According to the data provided by OpenAI, that isn't true anymore. And I trust data more than anecdotal claims made by people whose job is being threatened by systems like these.
>According to the data provided by OpenAI, that isn't true anymore
OpenAI main job is to sell that their models are better than human. I still remember when they're marketing their gpt-2 weights as too dangerous to release.
I remember that too, it's when I started following the space (shout out computerphile/robert miles) and iirc the reason they gave was not "it's too dangerous cause it's so badass" they basically were correct in that it can produce sufficiently "human" output as to break typical bot detectors on social media which is a legitimate problem - whether the repercussions of that failure to detect botting is meaningful enough to be considered "dangerous" is up to the reader to decide
also worth noting I don't agree with the comment you're replying to - but did want to add context to the situation of gpt-2
What? Surely you have some area of your life you are above-average knowledgable about. Have a conversation with chatGPT about it, with whatever model, and you can see for yourself it is far from expert level.

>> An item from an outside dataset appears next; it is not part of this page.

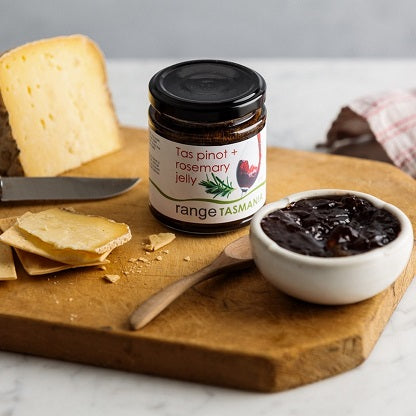 bowl of range Tasmania Tas Pinot and rosemary jelly being served with Bruny Island cheese on a wooden board.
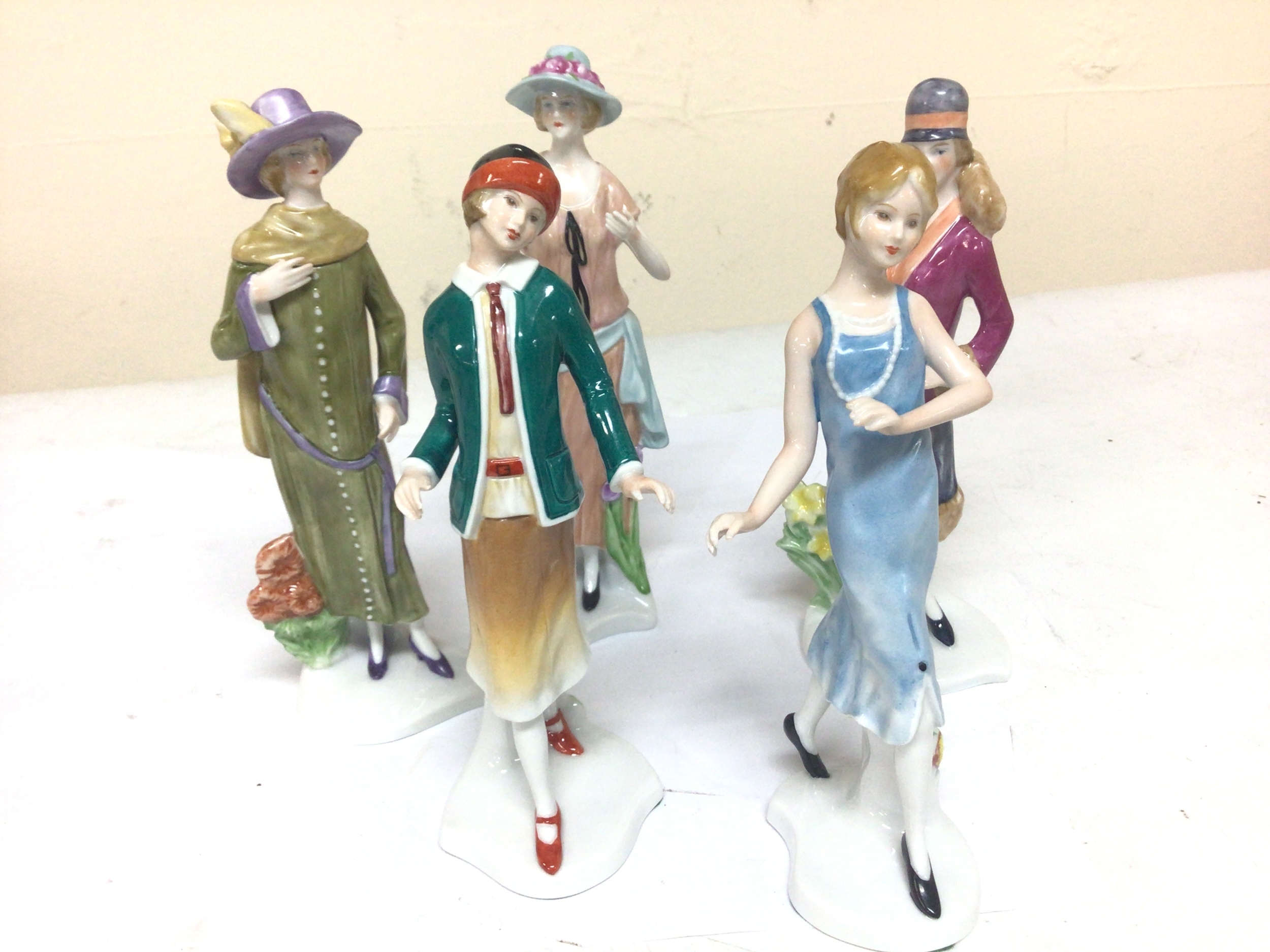  A collection of 20th century German porcelain figures of ladies in 1920-30 fashion dresses. Hight 18cm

You are not "trusting data more than anecdotal claims", you are trusting marketing over reality.
Benchmarks can be gamed. Statistics can be manipulated. Demonstrations can be cherry picked.
PS: I stand to gain heavily if AI systems could perform at an expert level, this is not a claim from someone 'whose job is being threatened'.
> For each problem, our system sampled many candidate submissions and submitted 50 of them based on a test-time selection strategy. Submissions were selected based on performance on the IOI public test cases, model-generated test cases, and a learned scoring function. If we had instead submitted at random, we would have only scored 156 points on average, suggesting that this strategy was worth nearly 60 points under competition constraints.
Did you read the post? OpenAI clearly states that the results are cherry-picked. Just a random query will have far worse results. To get equal results you need to ask the same query dozens of time and then have enough expertise to pick the best one, which might be quite hard for a problem that you have little idea about.
Combine this with the fact that this blog post is a sales pitch with the very best test results out of probably many more benchmarks we will never see and it seems obvious that human experts are still several order of magnitudes ahead.
When I read that line too I was very confused lol. I interpreted it as them saying they basically took other contestant submissions and allowing the model to see these "solutions" as part of context? and then having the model generate its own "solution" to be used for the benchmark. I fail to see how this is "solving" a ioi level question.
What is interesting is the following paragraph in the post
" With a relaxed submission constraint, we found that model performance improved significantly. When allowed 10,000 submissions per problem, the model achieved a score of 362.14 – above the gold medal threshold – even without any test-time selection strategy. "
So they didn't allow sampling from other contest solutions here? If that is the case quite interesting, since the model is effectively imo able to brute force questions. Provided you have some form of a validator able to tell it to halt.